──────── The data ────────

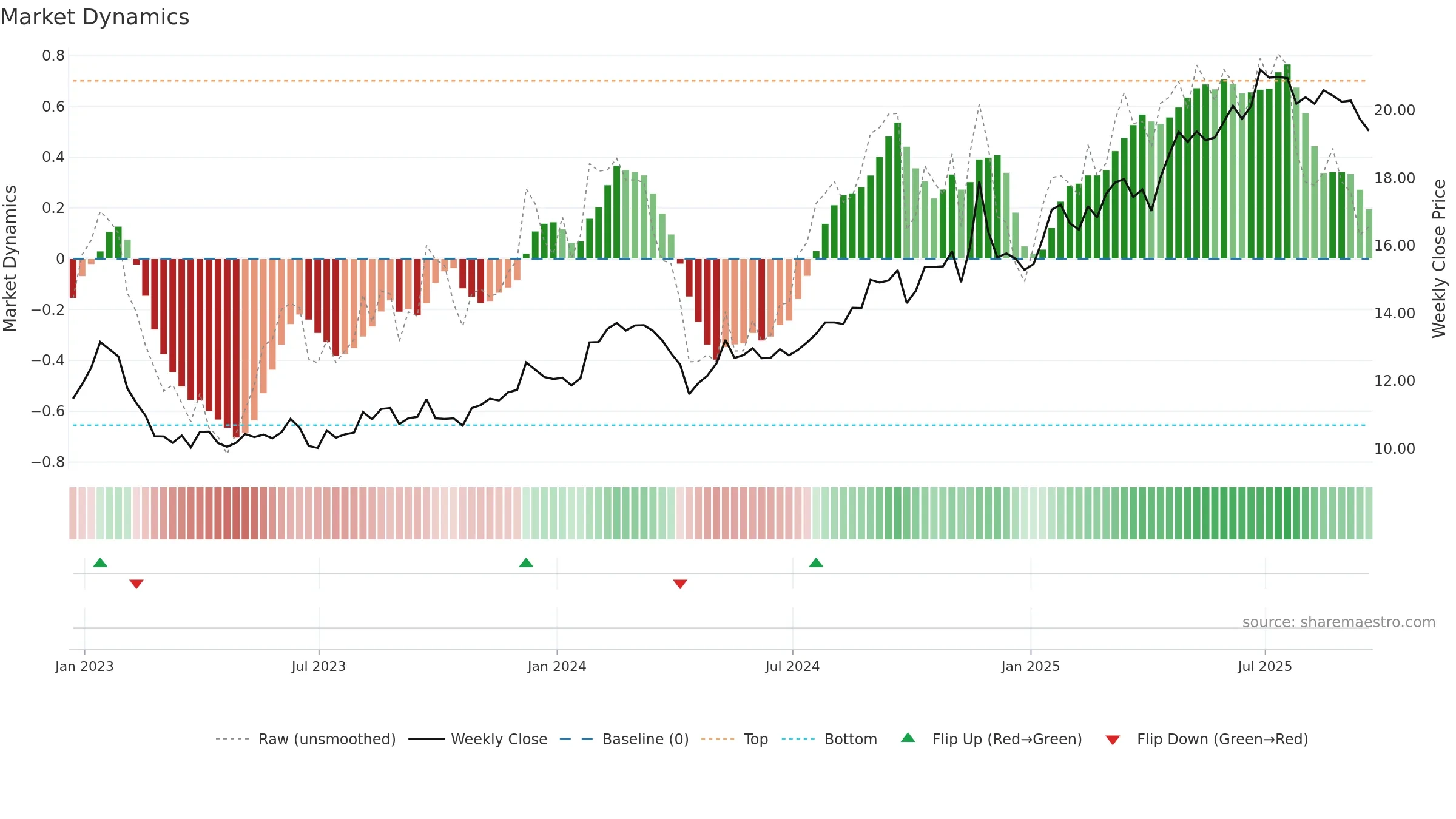 KT weekly Market Dynamics chart, closing 2025-09-19.
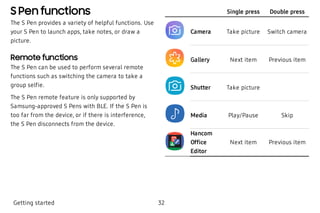 S Pen functions
The S Pen provides a variety of helpful functions. Use
your S Pen to launch apps, take notes, or draw a
picture.
Remote functions
The S Pen can be used to perform several remote
functions such as switching the camera to take a
group selfie.
The S Pen remote feature is only supported by
Samsung-approved S Pens with BLE. If the S Pen is
too far from the device, or if there is interference,
the S Pen disconnects from the device.
    Single press Double press
Camera Take picture Switch camera
Gallery Next item Previous item
Shutter Take picture  
Media Play/Pause Skip
Hancom
Office
Editor
Next item Previous item
Getting started 32
 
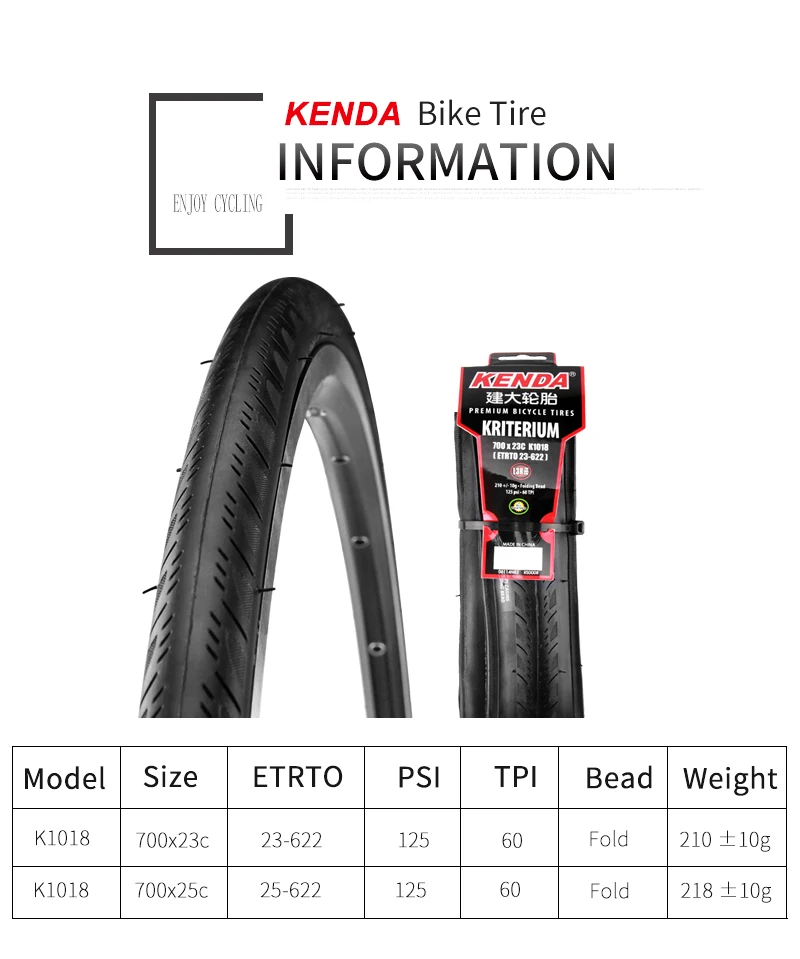 700 23 tires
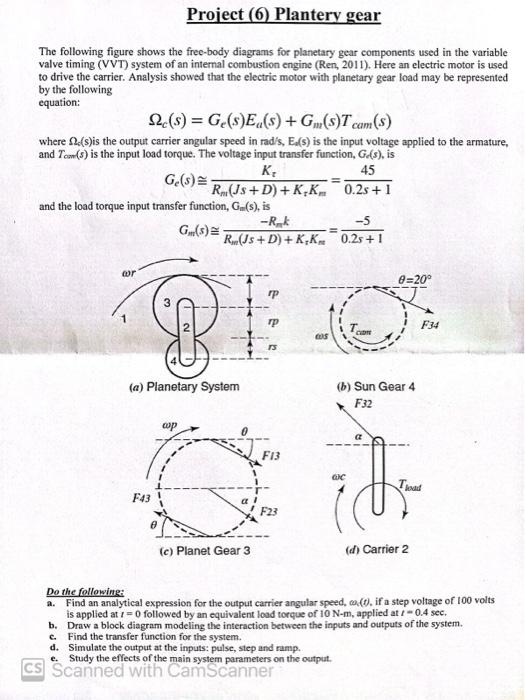 Solved Project (6) Plantery gear The following figure shows | Chegg.com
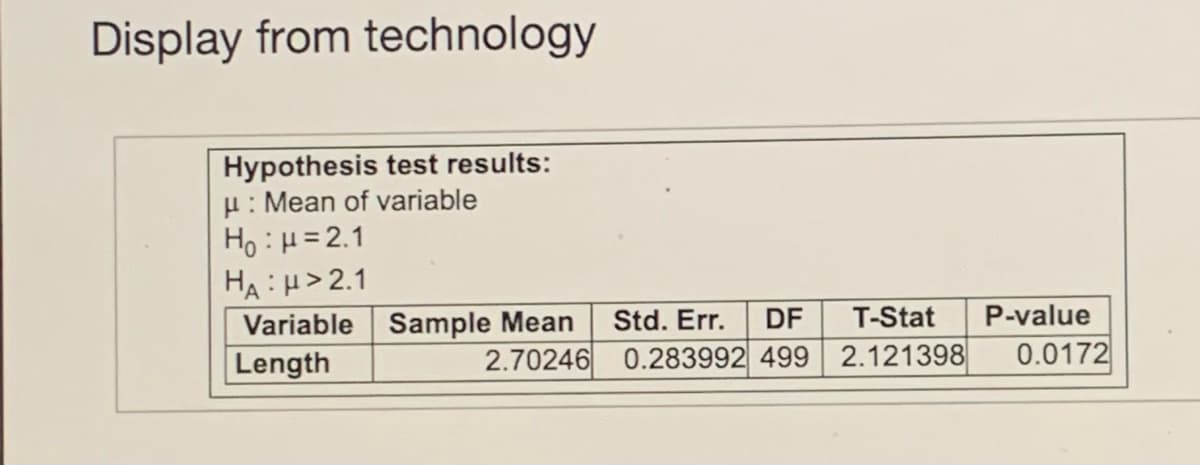 Display from technology
Hypothesis test results:
u: Mean of variable
Ho : H=2.1
HA : H> 2.1
Variable Sample Mean
Length
Std. Err.
DF
T-Stat
P-value
2.70246 0.283992 499 2.121398
0.0172
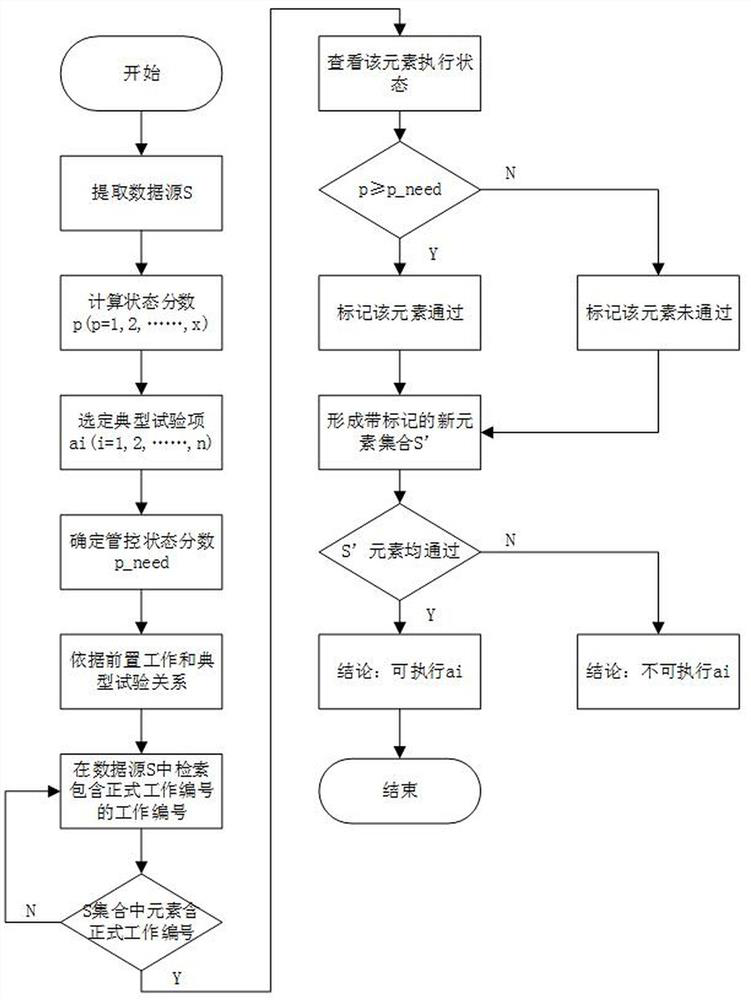 A typical aircraft test control system and its control method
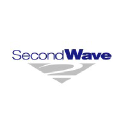 SecondWave Systems, Inc.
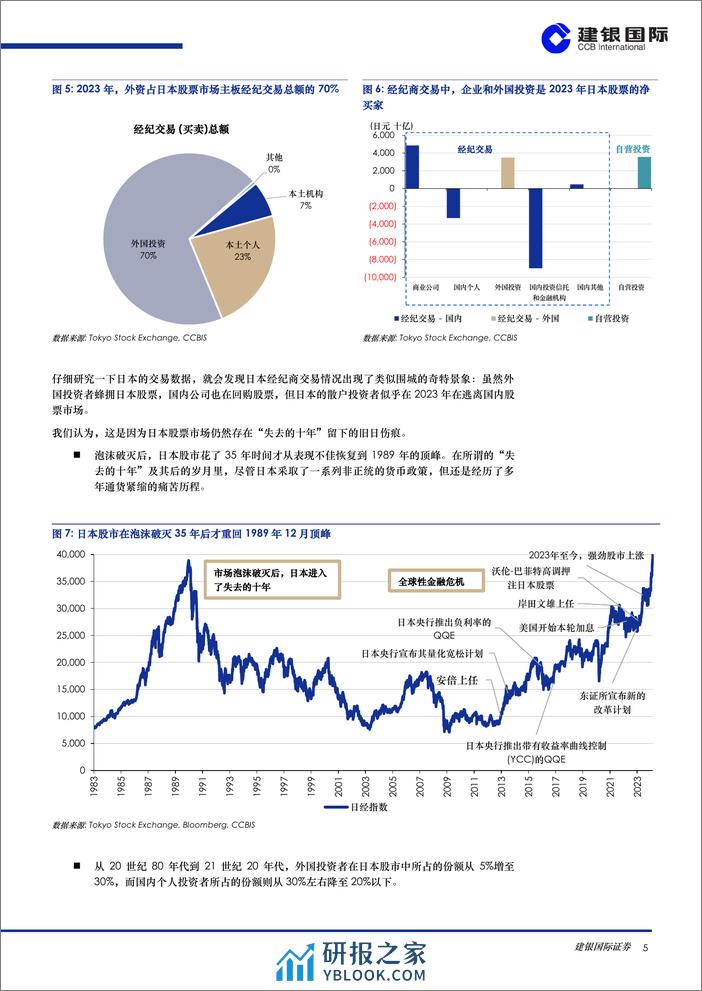 环球市场：归乡还是出走？NISA改革能让日本家庭重新投资日股吗？-240307-建银国际-11页 - 第5页预览图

────────

Each line of the data that includes "picture" should be copied.

■ Reply to the exercise ■
picture.
Camera Take picture Switch camera
Shutter Take picture  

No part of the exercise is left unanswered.